Yelavarthy Nayudamma (10 September 1922 – 23 June 1985) was an Indian chemical engineer and a scientist who served as the Director General of Council of Scientific and Industrial Research, Vice Chancellor of Jawaharlal Nehru University, Delhi. He was killed on Air India Flight 182 (Emperor Kanishka bombing).

== Early life and education==

Yelevarthy was born on 10 September 1922 into a Telugu-speaking family at Yelavarru village near Tenali in Guntur district of present day Andhra Pradesh state in India. He was the eldest of three brothers and a sister. His parents Raghavamma and Anjaih named him Nayudammma (‘amma’ is a short name used by parents while referring to sons as well as daughters, while ‘Nayudu’ in Telugu means a leader). Yelavarthy was over six feet tall.

He had his primary education in the village and studied Intermediate in AC College. Later, he did B.Sc., (Chemical Technology) at the famous Banaras Hindu University and a course in leather technology at Madras Institute of Leather Technology. He contributed to the initial development of the Central Leather Research Institute at Chennai, India. He was responsible for building the international image of the institute and for establishing close ties with the Indian leather industry.
Yelevarthy went to UK for further education and he went on to pursue doctoral degree in Lehigh University in Pennsylvania, USA.

== Positions and honors ==
Yelevarthy served as the Director General of CSIR, New Delhi and also as the 4th Vice-Chancellor of the prestigious Jawaharlal Nehru University in New Delhi from 12 June 1981 to 27 October 1982. He also served on many prestigious national and international committees.

He was awarded many national and international awards and honours, including Padma Shri in 1971.

Yelevarthy was conferred with the prestigious Raja-Lakshmi Award in the year 1983 from Sri Raja-Lakshmi Foundation, Chennai.

==Death==
Yelavarthy left India on 10 June 1985, to attend COSTED meeting in USSR and then the International Development Research Centre Governors meeting on 21 June in Ottawa, Canada. On 23 June he boarded Air India Flight 182 on a plane titled 'Emperor Kanishka', which was carrying 329 passengers. He died in the subsequent mid-air bombing over the waters of the Atlantic Ocean, South of Ireland. The terrorist attack was orchestrated by the Sikh extremist group, Babar Khalsa.

He was married to Y. Pavana. He had two sons, Rathiesh and Ramesh, and one daughter Shanti. After Yelevarthy's death, his wife committed suicide.

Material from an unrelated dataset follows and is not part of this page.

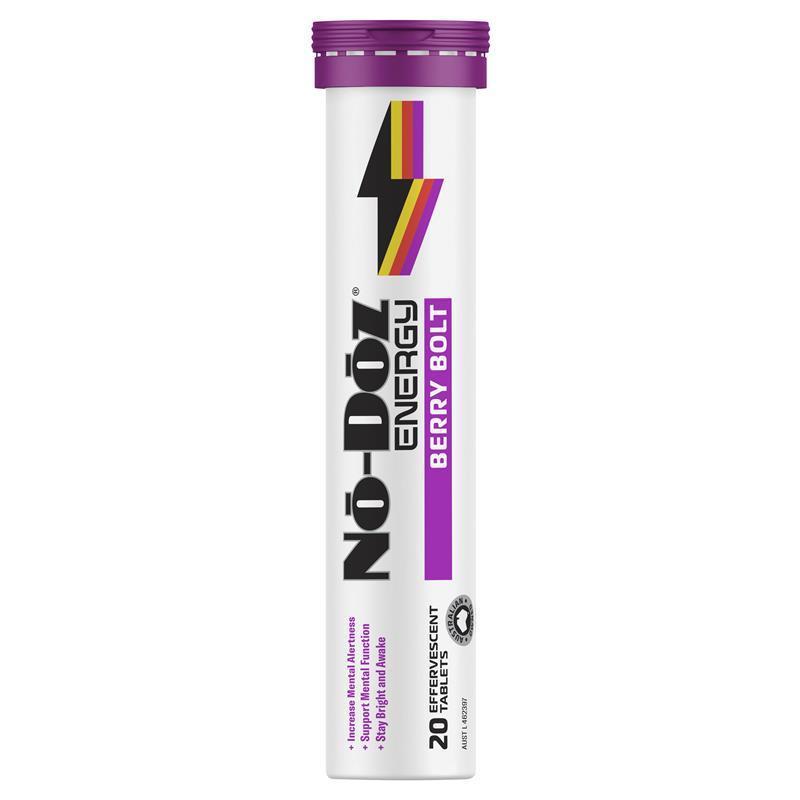 No-Doz Energy Berry Bolt 20 Pack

==Dr. Y. Nayudamma Memorial Award==
Recipients of this prestigious award include T. Ramasami, A. Sivathanu Pillai, Nori Dattatreyudu, Sam Pitroda, G. Madhavan Nair, Kota Harinarayana, V. K. Aatre, R. Chidambaram, R.A. Mashelkar, Jasbir Singh Bajaj, K. Kasturirangan, Verghese Kurien, S.Z. Qasim, M. G. K. Menon, Vijay Kumar Saraswat, Prasanna Kumar Motupalli and M.S. Swaminathan among others.